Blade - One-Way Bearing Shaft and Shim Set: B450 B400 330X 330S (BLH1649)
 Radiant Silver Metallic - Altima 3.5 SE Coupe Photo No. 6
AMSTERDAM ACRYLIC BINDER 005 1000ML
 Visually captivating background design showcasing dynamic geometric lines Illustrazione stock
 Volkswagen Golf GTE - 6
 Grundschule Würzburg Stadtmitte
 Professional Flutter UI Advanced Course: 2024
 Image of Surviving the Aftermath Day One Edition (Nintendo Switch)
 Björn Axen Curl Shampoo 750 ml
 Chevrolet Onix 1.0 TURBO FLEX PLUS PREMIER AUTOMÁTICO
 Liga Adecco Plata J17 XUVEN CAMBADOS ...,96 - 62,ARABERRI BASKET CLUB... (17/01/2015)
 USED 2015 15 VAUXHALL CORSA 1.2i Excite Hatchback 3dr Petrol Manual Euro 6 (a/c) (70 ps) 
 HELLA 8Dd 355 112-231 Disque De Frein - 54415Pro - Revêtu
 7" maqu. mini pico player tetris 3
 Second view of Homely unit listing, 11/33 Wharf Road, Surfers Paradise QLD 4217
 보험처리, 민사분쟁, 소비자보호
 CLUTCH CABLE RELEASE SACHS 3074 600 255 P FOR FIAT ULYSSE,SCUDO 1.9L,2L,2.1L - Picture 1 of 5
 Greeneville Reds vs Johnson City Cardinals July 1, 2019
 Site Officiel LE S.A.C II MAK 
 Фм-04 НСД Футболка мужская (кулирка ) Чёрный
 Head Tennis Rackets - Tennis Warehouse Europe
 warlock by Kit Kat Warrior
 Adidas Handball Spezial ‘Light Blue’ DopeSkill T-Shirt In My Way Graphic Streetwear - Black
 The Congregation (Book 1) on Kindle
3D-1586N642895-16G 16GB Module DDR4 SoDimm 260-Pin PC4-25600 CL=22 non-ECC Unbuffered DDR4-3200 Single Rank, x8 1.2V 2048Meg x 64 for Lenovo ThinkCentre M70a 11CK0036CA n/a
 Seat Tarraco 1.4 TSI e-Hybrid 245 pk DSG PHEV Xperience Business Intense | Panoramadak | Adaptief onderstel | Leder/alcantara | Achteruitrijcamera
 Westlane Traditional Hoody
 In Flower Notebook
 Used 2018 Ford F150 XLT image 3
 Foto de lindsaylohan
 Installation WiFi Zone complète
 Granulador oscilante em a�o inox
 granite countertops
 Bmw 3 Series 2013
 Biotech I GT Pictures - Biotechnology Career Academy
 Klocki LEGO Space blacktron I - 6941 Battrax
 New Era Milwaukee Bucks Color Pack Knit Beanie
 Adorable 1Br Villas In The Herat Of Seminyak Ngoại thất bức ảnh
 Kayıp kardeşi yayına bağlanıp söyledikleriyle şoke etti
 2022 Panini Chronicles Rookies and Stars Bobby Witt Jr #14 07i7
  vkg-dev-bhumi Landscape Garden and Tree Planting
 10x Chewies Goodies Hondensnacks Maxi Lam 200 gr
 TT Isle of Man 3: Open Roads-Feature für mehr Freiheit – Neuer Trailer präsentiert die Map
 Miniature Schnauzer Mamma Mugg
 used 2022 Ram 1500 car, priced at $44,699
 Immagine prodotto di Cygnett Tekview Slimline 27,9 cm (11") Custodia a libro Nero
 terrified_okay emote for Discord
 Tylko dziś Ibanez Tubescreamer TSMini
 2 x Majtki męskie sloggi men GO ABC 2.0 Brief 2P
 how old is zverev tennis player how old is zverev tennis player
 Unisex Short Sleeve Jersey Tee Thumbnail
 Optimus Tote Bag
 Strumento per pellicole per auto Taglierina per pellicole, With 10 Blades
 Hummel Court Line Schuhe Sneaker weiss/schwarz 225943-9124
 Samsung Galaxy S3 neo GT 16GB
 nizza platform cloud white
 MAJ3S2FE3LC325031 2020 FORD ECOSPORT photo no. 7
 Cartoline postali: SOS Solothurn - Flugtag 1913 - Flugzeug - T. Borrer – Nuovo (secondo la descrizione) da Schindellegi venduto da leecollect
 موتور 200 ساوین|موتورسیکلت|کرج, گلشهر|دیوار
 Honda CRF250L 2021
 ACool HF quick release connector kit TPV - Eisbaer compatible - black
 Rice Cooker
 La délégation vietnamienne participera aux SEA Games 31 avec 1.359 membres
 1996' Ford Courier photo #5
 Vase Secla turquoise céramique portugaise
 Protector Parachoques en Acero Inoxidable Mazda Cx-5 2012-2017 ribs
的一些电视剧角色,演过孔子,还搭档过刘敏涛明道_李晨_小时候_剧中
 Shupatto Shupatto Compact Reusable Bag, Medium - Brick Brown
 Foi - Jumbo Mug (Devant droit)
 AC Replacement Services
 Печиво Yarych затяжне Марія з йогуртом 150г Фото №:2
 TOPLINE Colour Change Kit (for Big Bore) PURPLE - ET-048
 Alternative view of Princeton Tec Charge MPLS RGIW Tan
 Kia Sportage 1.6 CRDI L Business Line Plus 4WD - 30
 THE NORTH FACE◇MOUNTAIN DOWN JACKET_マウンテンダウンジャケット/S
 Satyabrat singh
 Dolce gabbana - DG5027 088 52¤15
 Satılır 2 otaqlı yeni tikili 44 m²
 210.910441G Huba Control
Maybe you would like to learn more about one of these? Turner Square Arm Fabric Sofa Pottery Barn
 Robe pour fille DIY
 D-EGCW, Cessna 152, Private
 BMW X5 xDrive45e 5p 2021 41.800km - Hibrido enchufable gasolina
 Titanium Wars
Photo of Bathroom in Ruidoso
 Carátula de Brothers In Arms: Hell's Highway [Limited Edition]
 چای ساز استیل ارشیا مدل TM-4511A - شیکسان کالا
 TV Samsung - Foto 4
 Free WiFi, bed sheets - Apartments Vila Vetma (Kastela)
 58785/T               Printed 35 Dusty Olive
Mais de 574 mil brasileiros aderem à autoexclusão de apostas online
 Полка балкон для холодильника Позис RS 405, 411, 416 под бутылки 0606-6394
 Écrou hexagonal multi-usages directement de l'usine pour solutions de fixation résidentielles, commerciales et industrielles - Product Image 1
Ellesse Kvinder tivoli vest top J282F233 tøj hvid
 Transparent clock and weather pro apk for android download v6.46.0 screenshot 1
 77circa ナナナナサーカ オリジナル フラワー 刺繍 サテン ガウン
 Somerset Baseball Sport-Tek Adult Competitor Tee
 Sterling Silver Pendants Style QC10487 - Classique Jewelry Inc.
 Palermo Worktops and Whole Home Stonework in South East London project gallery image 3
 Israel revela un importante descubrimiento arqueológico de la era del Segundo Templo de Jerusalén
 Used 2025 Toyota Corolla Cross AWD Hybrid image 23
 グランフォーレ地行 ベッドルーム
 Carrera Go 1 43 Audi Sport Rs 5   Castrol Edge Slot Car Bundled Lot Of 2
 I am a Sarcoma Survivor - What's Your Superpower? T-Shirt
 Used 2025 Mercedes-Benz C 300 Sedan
━━━━━━━━━━━━━━━━━━━━
Wherever "Foto" appears in the listing, report the line it is on.

Solution below.
 Foto de lindsaylohan
 TV Samsung - Foto 4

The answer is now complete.